In 1956, Skinner joined the Labour Party. He was chosen as Parliamentary Prospective candidate for Bolsover on 5 June 1969. Skinner was elected as MP for the then safe Labour seat of Bolsover at the 1970 general election, succeeding Harold Neal. He retained the seat for 49 years (receiving his highest vote share in 1970, whilst achieving his highest majority at the 1997 general election), until he lost it at the 2019 general election to Mark Fletcher of the Conservative Party.

Due to his aggressive rhetoric, Skinner became known as the "Beast of Bolsover". Skinner recalls that he earned the nickname for his behaviour in a tribute debate in the Commons following the death of former Conservative Prime Minister Sir Anthony Eden in 1977: "They were making speeches about the wonder of Anthony Eden, so I got up and talked about miners and people seriously injured and dead in the pits and the £200 given to the widow. There was booing and then all the Tories left and the papers had a go, some serious ones".

During most of his tenure in the Commons (in the years where the Labour Party were in opposition), Skinner would usually sit on the first seat of the front bench below the gangway in the Commons (known as the "Awkward Squad Bench" because it is where rebel Labour Party MPs have traditionally sat) in a tweed jacket (whilst most other MPs wear suits) and signature red tie. During the New Labour government from 1997 to 2010, Skinner sat in the equivalent spot on the government benches.
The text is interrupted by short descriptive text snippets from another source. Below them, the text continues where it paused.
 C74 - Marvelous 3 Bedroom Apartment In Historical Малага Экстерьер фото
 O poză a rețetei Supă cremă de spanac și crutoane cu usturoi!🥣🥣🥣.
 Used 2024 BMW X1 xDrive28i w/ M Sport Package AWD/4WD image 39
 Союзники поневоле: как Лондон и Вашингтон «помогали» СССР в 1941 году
In 1979, Skinner played a role in publicly exposing Anthony Blunt as a spy for the Soviet Union. On 15 November 1979, Prime Minister Margaret Thatcher revealed Blunt's wartime role in the House of Commons in reply to questions put to her by Ted Leadbitter, the MP for Hartlepool, and Skinner. Thatcher made a full statement to the Commons on the matter the following week:Mr. Leadbitter and Mr. Skinner: asked the Prime Minister if she will make a statement on recent evidence concerning the actions of an individual, whose name has been supplied to her, in relation to the security of the United Kingdom.Prime Minister Margaret Thatcher: The name which the hon. Member for Hartlepool (Mr. Leadbitter) has given me is that of Sir Anthony Blunt.
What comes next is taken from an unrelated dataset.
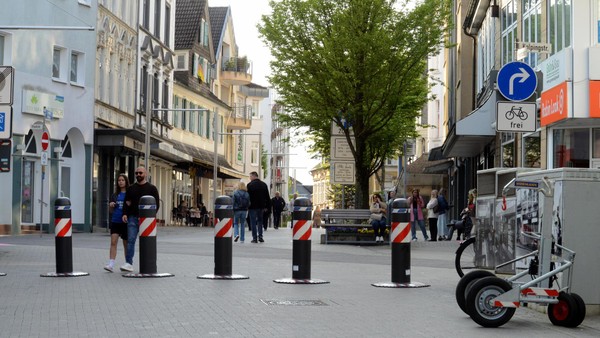 Gute Stimmung auf dem Streetfood-Festival, Tristesse in Velberts Fußgängerzone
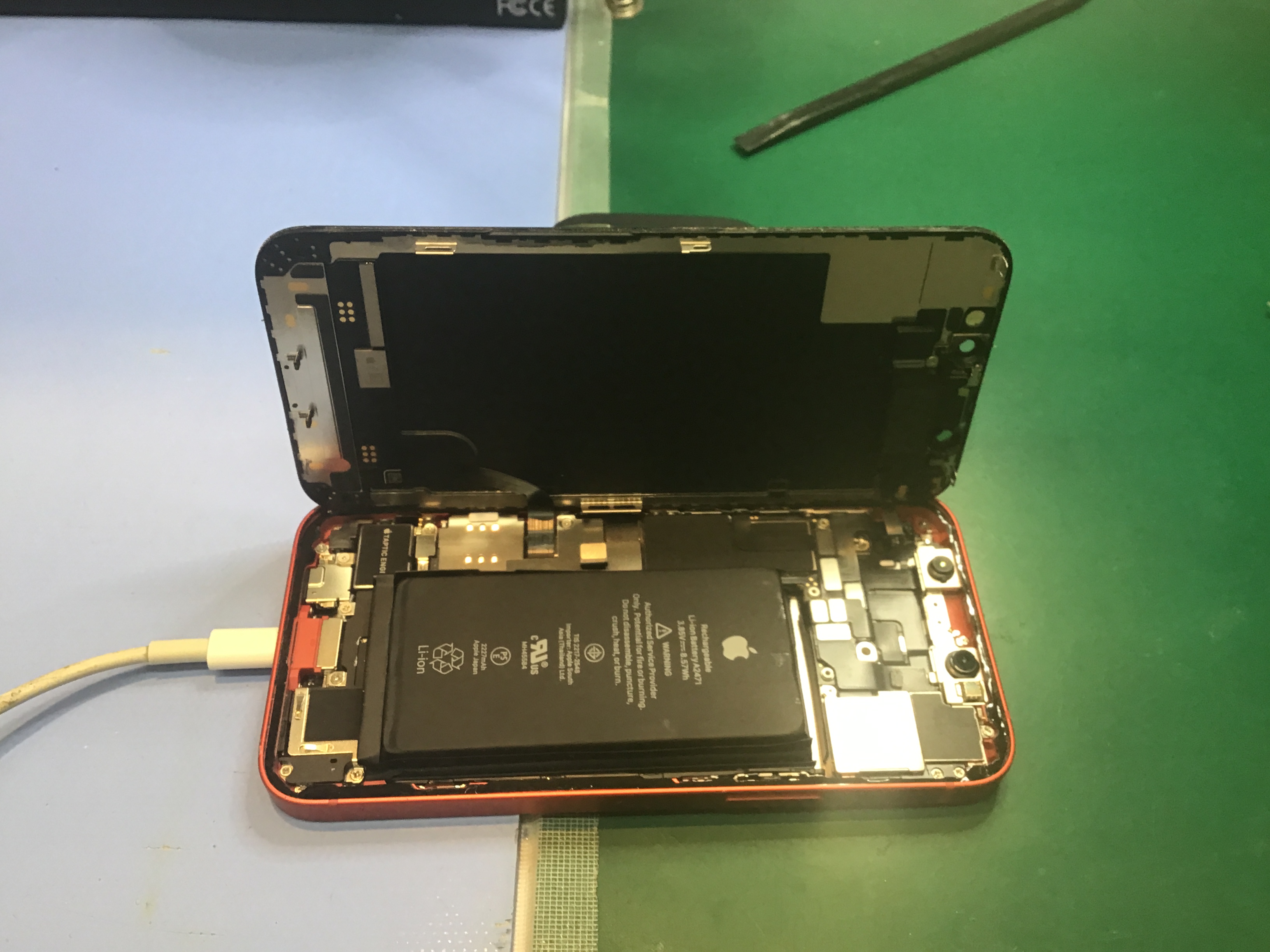 iPhone12Miniのバッテリー交換は、データそのまま・即日修理のスマホ修理工房京王聖蹟桜ヶ丘ショッピングセンターB館店へ！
On 7 June 1985, Skinner talked out a bill by Enoch Powell which would have banned stem cell research by moving the writ for the by-election in Brecon and Radnor; Skinner later described this as his proudest political moment. On 20 January 1989, he talked out a move to reduce the number of weeks at which an abortion could be legally performed in Britain by moving the writ for the Richmond by-election.
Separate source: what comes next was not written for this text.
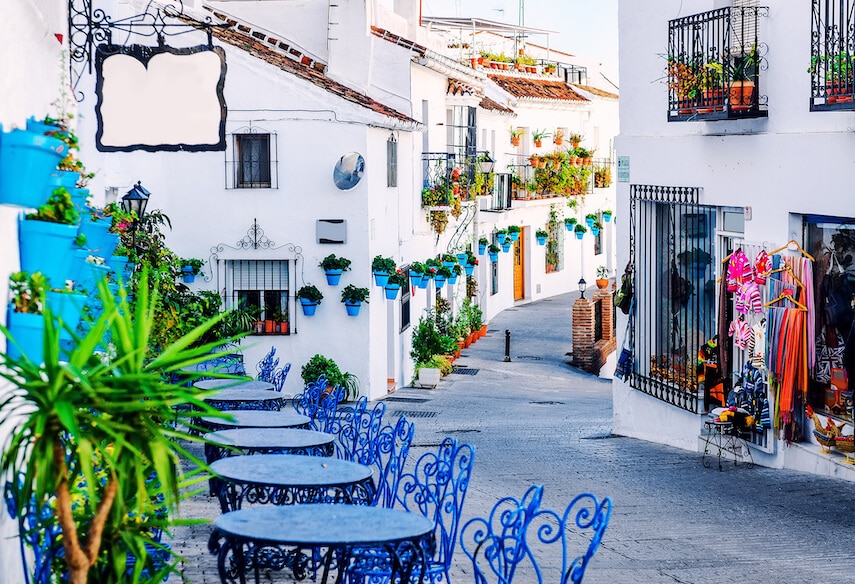 The beautiful White Town of Mijas has a very arty vibe to it and you’ll find several craft shops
In 2003, Skinner was among the quarter of Labour MPs who voted against the Iraq War; he later rebelled against the party line when he voted against government policy to allow terror suspects to be detained without trial for up to 90 days. In 2007, Skinner and 88 other Labour MPs voted against the Labour Government's policy of renewing the Trident Nuclear Missile System.

In January 2012, Skinner was referred to as "a dinosaur" in a controversial jibe by David Cameron, who said "I often say to my children 'No need to go to the Natural History Museum to see a dinosaur, come to the House of Commons at about half past twelve'". Cameron received criticism for the remark, and was accused of ageism. Labour MPs complained at the time that Cameron's words amounted to "a gratuitous and entirely offensive insult to a greatly respected honourable Member, made entirely because of his age." House Speaker John Bercow replied at the time: "I'm always in favour of humour but just as beauty is in the eye of the beholder, humour is a matter of subjective judgment. Sometimes people are funny. Sometimes they think they are funny. Sometimes they think they are funny deliberately when they are not. Sometimes they don't realise they are funny when they are." In July 2015, Cameron referenced the dinosaur remark in another jibe in which he said "It's always very good to see the Labour Party in full voice, cheering on 'Jurassic Park'. I would stick to the movie".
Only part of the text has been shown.